Resiliency Engineering

Backup & Disaster Recovery (DR)

Prepare for the worst: Mastering RPO vs RTO, Multi-Site Failover strategies, and Point-in-Time Recovery.

RPO vs RTO: The Golden Metrics

Every DR plan starts with defining acceptable loss limits.

Last Backup 💥 DISASTER System Restored
Operating Normal
RPO (Data Loss)
RTO (Downtime)
Recovered
RPO (Recovery Point Objective)
Max acceptable Data Loss. If RPO=1h, you lose up to 1h of data.
RTO (Recovery Time Objective)
Max acceptable Downtime. If RTO=4h, service must be back in 4h.

Backup Strategies

Type Description Storage Cost Restore Speed
Full Backup Copy entire dataset. High Fastest (Start & Finish)
Incremental Copy only changes since last backup (full or incremental). Lowest Slowest (Need Full + All Incremental chains)
Differential Copy changes since last Full backup. Medium Moderate (Full + Latest Diff)

Disaster Recovery Patterns

Multi-region architecture strategies generally driven by cost vs RTO.

🔥 Pilot Light

Cost: Low | RTO: Mins/Hours

Database is replicated (active-passive), but App Servers are OFF. We spin them up (via Auto Scaling) only during disaster.

🌤️ Warm Standby

Cost: Medium | RTO: Seconds/Mins

Scaled-down version of App Servers runs in DR region.
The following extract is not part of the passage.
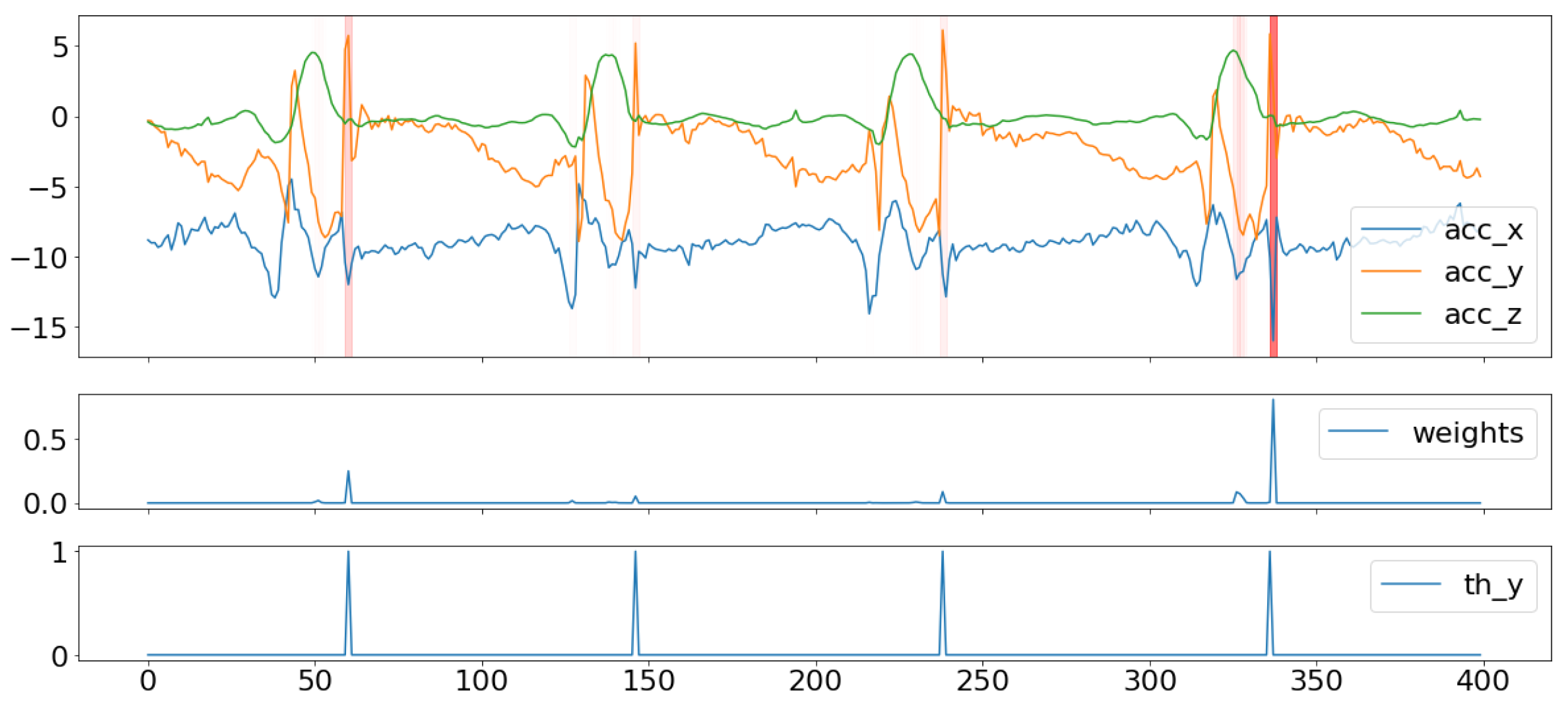 Sensors 23 09194 g009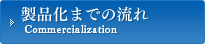 製品化までの流れ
Can scale up quickly to handle full traffic load.

⚡ Multi-Site Active/Active

Cost: High | RTO: Near Zero

Both regions handle traffic simultaneously. DNS Weighted Routing shifts traffic if one region fails. Requires complex bi-directional DB replication.
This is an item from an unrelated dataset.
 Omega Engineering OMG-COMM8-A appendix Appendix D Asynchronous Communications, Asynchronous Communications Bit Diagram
Point-in-Time Recovery (PITR)

Snapshots are not enough. If someone deletes a table at 2:00 PM, and your snapshot was 1:00 PM, you lose 1 hour. with WAL (Write Ahead Log) Archiving, you can replay transactions to 1:59 PM.

Postgres Implementation
# postgresql.conf
archive_mode = on
archive_command = 'test ! -f /mnt/arch/%f && cp %f /mnt/arch/%f'
# Better: Use WAL-G or Barman for S3 uploads
# archive_command = 'wal-g wal-push %p'
Restore Process
  1. Stop DB Service.
  2. Restore Base Backup (Snapshot).
  3. Configure `restore_command` to fetch WAL files from S3.
  4. Set `recovery_target_time = '2026-01-15 13:59:00'`.
  5. Start DB. Postgres replays WALs until it hits the target time.

Summary

  • RPO/RTO: Define these first. They dictate the budget (e.g., Active-Active is expensive).
  • Test It: A backup is worthless if the restore process fails. Run DR drills annually.
  • 3-2-1 Rule: 3 copies of data, 2 different media types, 1 offsite (Cloud/DR Region).
  • WAL Archiving: Essential for limiting RPO to seconds.